Akash Podishetty & Krishna Veera Vanamali, Business Standard

New Delhi, 8 July 2022

India’s $900 billion retail market has emerged as one of the most dynamic industries and is expected to reach anywhere between $1.3-$1.5 trillion by 2025. The organized retail is seen gaining 15% market share in the overall retail space, while food & grocery and apparel and lifestyle may account for 80% of India’s retail market by 2025.

Large market offers big opportunities. And it looks like Reliance Retail has seized it, with its massive omni-channel retail play of physical stores, B2B with kiranas and e-commerce.

The company went on an acquisition spree and partnerships in the last three years, adding to its portfolio some of the biggest names, including Hamleys, Dunzo, Zivame etc.

It has also partnered with famous global retail chain 7-Eleven. Catering to India’s affluent consumers, Reliance, meanwhile, houses some of the most iconic brands such as Versace, Armani Exchange, GAP, GAS, Jimmy Choo, Michael Kors among others. The premium segment has become one of the fastest growing categories.

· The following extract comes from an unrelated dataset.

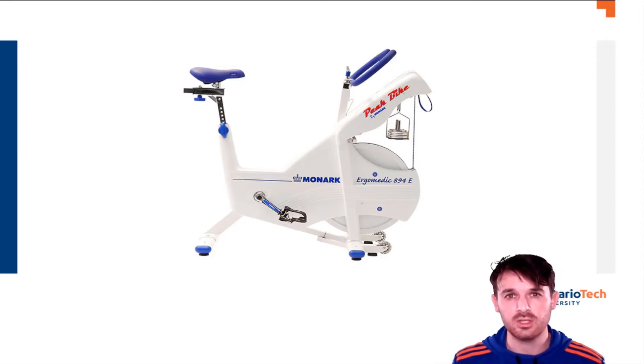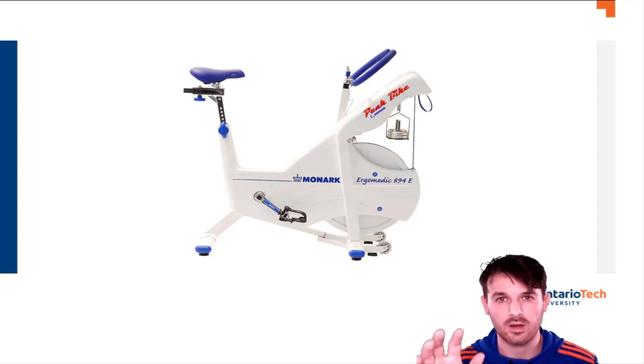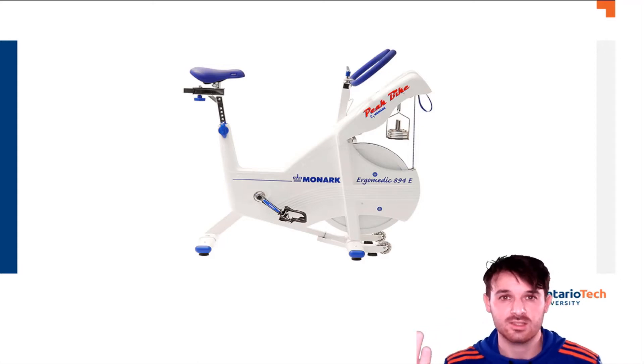We typically use this bike because it allows instantaneous application of the exact prescribed load. More expensive electromagnetically braked bikes exist, but even our older Monarch electromagnetically braked bike takes about 10 to 15 seconds to apply the total load — and knowing this is a 30-second test, the test would be half done by then.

Also firming up its inorganic play, the company is planning to acquire dozens of niche local consumer brands to build a formidable consumer goods business.

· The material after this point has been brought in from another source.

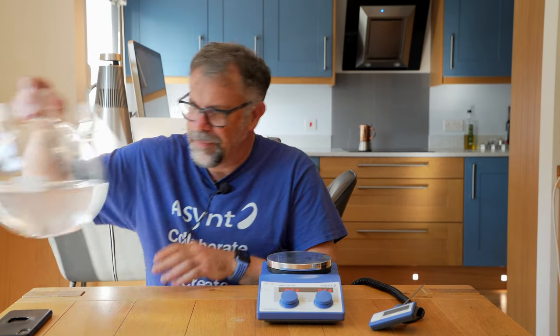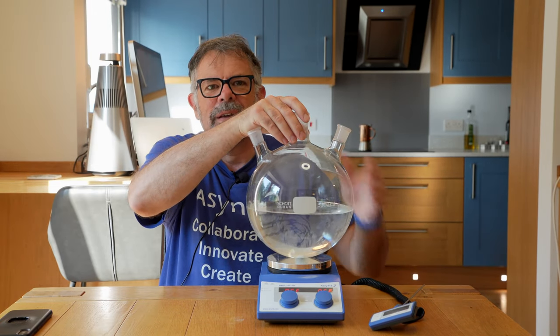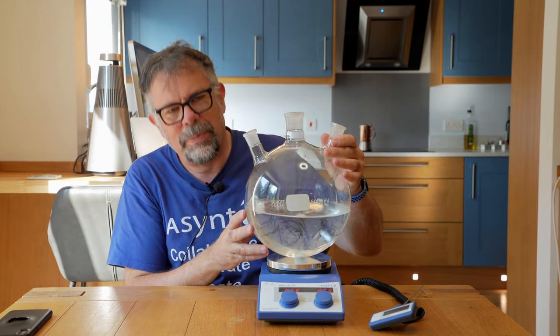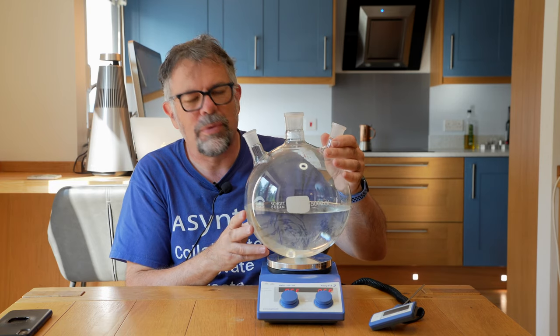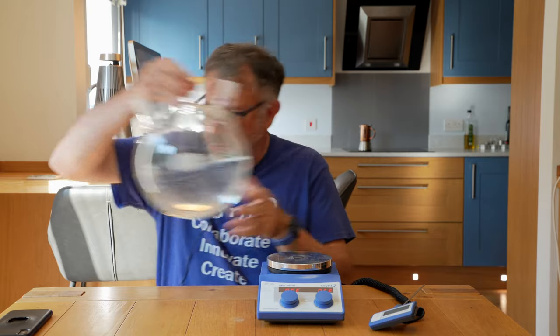That's what it is — oh yes, it's quite big isn't it. Oil bath on top: not very sensible. Heating mantle with hot spots: not brilliant. We have the solution.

Arvind Singhal, Chairman and Managing Director, Technopak Advisors says, there’s focus on physical retail expansion. Reliance is looking to cater to both price conscious and brand conscious customers, while trying to capture as much of the private consumption market as possible, he says.

Reliance Retail’s competitors are nowhere close to even put up a fight. The company has over 15,000 offline stores across categories, compared with DMart’s 294 stores or Aditya Birla Fashion’s 3,468 outlets.

Reliance retail’s revenue has grown five times in the last five years and the core retail revenue of $18 billion is greater than competitors combined, according to a Bernstein report.

Speaking to Business Standard, Devangshu Dutta, CEO, Third Eyesight, says, Reliance wants a decent share of Indian consumers’ wallet. From that perspective, Reliance still has a long way to go, he says. As consumer preferences evolve, Reliance too should adapt.

An undisputed leader in the domestic market, the aim of Reliance, according to Mukesh Ambani, is to become one of the top 10 retailers globally. Part of this bet is based on the premise that incomes and consumption power of Indians will increase across the board in coming years. However, could the uneven recovery that different segments of the population have seen stop the pie from growing larger and prove to be a dampener for Ambani’s ambitions?